É louvável a atuação do elenco, preparo vocal e corporal. Marco França interpreta de Ricardo III, carregando no charme do vilão. Titina Medeiros canta de forma encantadora e interpreta a rainha Elizabeth como uma perua desbocada que tropeça na língua portuguesa. No elenco estão, além dos já citados, Camille Carvalho, Cesár Ferrario, Dudu Galvão, Joel Monteiro, Paula Queiroz e Renata Kaiser.

Elenco tem boa atuação

A música é executada ao vivo e consegue fazer uma ponte entre a Inglaterra e o Nordeste, com suas incelenças tão cantadas nos rituais fúnebres pelas carpideiras. O grupo mistura Bohemian Rhapsody, da banda inglesa Queen, no álbum A Night at the Opera com Assum Preto de Luiz Gonzaga, além de músicas de Supertramp e outros forrós e xotes.

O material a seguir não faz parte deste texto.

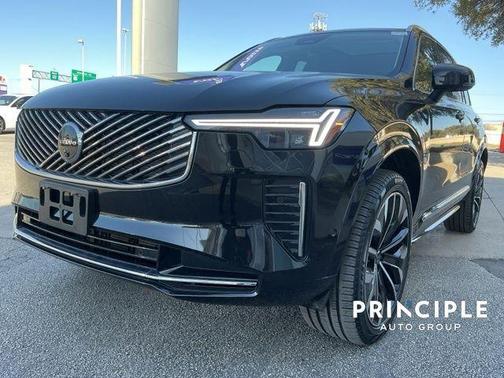 2025 Volvo XC90 B6 Plus 7-Seater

O dramaturgista e produtor Fernando Yamamoto, lembra que esa ponte não é só da ordem da estética, mas também da política. “Ricardo III é tão cruel quanto fascinante e sedutor. E sua conduta fica muito próximo dos nossos ‘reis’ nordestinos. A forma como ele, ardilosamente, elimina seus concorrentes à coroa para chegar ao poder, abraçando em um dia e matando no outro, é muito familiar às nossas referências políticas”, argumentou ele em conversa após a apresentação.

Essa peça que usa de várias formas de hibridismo, carnavaliza a ascensão e queda desse poderoso, ganha o púbico com seu humor popular e sua crítica disfarçada de escracho

TERCEIRA APRESENTAÇÃO – A chuva foi a vilã

Público lotou Largo do Ordem, no centro de Curitiba. FOTO: Rubens Nemitz Jr/Cortesia

Sua Incelença, Ricardo III teve que enfrentar um inimigo a mais para levar até o fim a sua proposta, na sessão de quarta-feira (30/03). Única peça de rua da Mostra Oficial, o espetáculo da Cia. Clowns de Shakespeare encarou a forte chuva e saiu ovacionada do Bebedouro do Largo da Ordem, onde foi armado o palco.

As arquibancadas e o chão do espaço estavam lotados de pessoas. A chuva criou um problema no sistema elétrico. Os atores voltaram para o começo. O aguaceiro caindo, os técnicos tentando resolver a questão, as pessoas ansiosas. Aparece o diretor Gabriel Villela, que garante que se o sistema de iluminação for solucionado vai ter peça. Aí não tinha mais jeito. Quem estava na chuva era para se molhar.

Nem o cangaceiro escapou. Foto Rubens Nemitz Jr/ Cortesia

Com as roupas encharcadas os atores apresentaram o espetáculo. As luzes pifaram novamente e o elenco, por um tempo, levou sua versão de Ricardo III no escuro e no gogó (sem microfones). O sistema voltou.

Foi uma noite de superação. Com riscos que a combinação água x parafernália elétrica pode gerar. Graças aos deuses do teatro, nada de grave aconteceu. No final, dez minutos de aplausos entusiasmados da plateia e a emoção do elenco. Valeu Clows de Shakespeare.